_PROVIDED DATA_
____________________
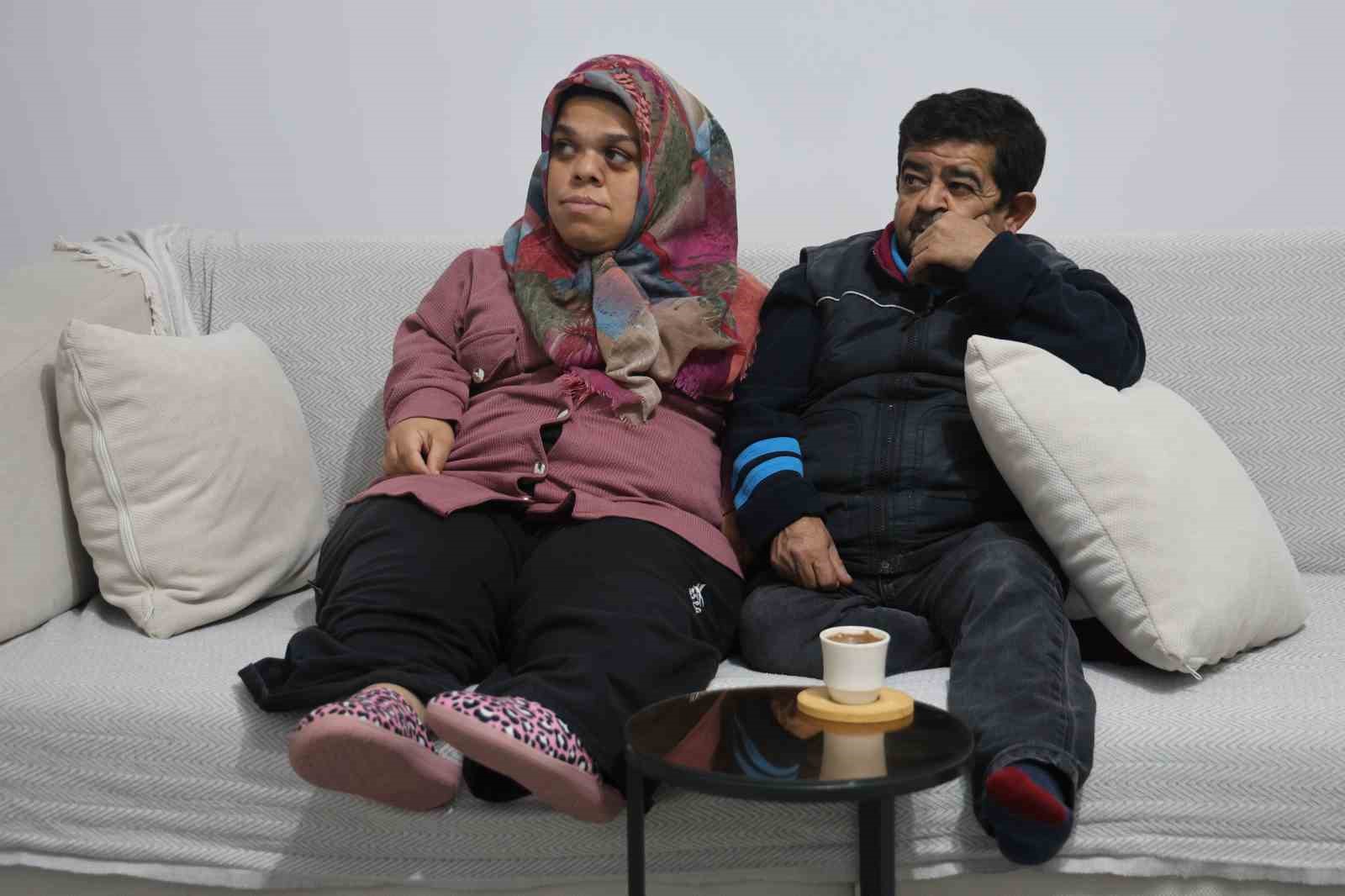 21 yil sonra evlenerek asklarina engel tanimayan cuce cift anne ve baba olacak olmanin OUBvRcbN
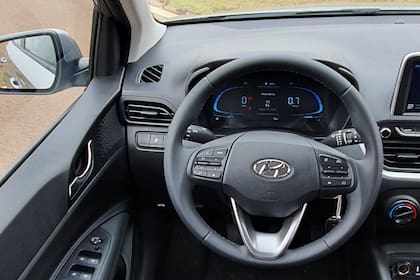 El Hyundai HB20 de entrada tiene buen equipamiento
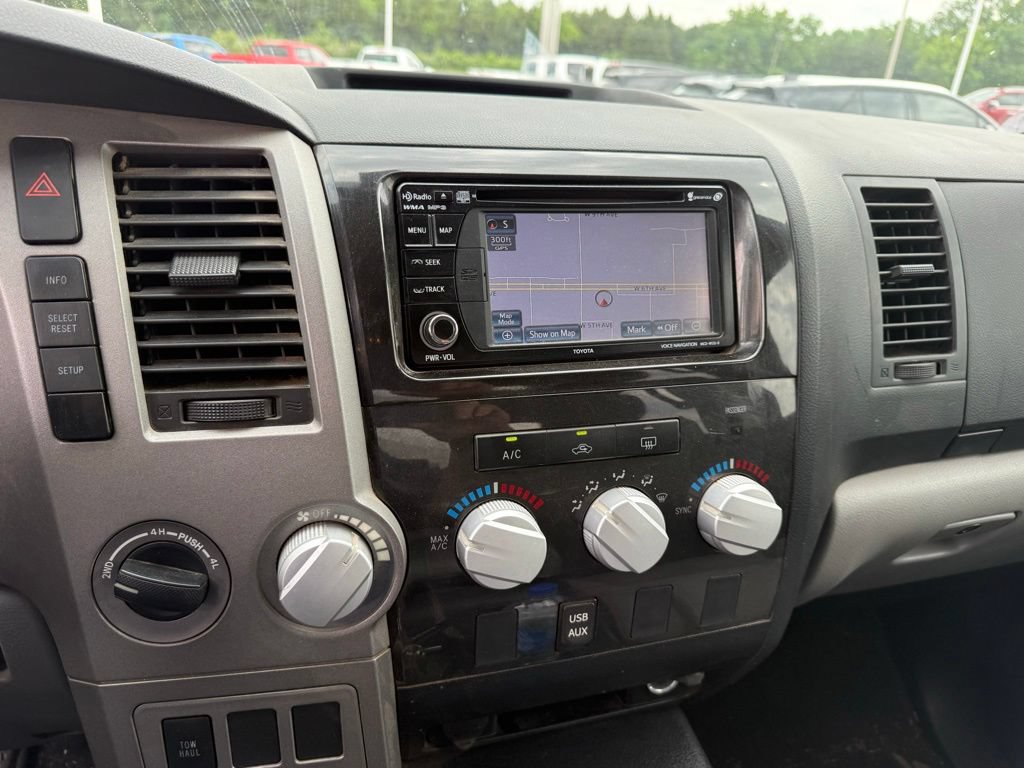 Used 2013 Toyota Tundra 4x4 CrewMax w/ SR5 Pkg image 9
____________________
_WORK TO BE COMPLETED_
Would you copy the lines from the one holding "El Hyundai HB20" down to the last line of the material, both included, exactly and with nothing added, skipping the pictures?

_ANSWER SECTION_
 El Hyundai HB20 de entrada tiene buen equipamiento
 Used 2013 Toyota Tundra 4x4 CrewMax w/ SR5 Pkg image 9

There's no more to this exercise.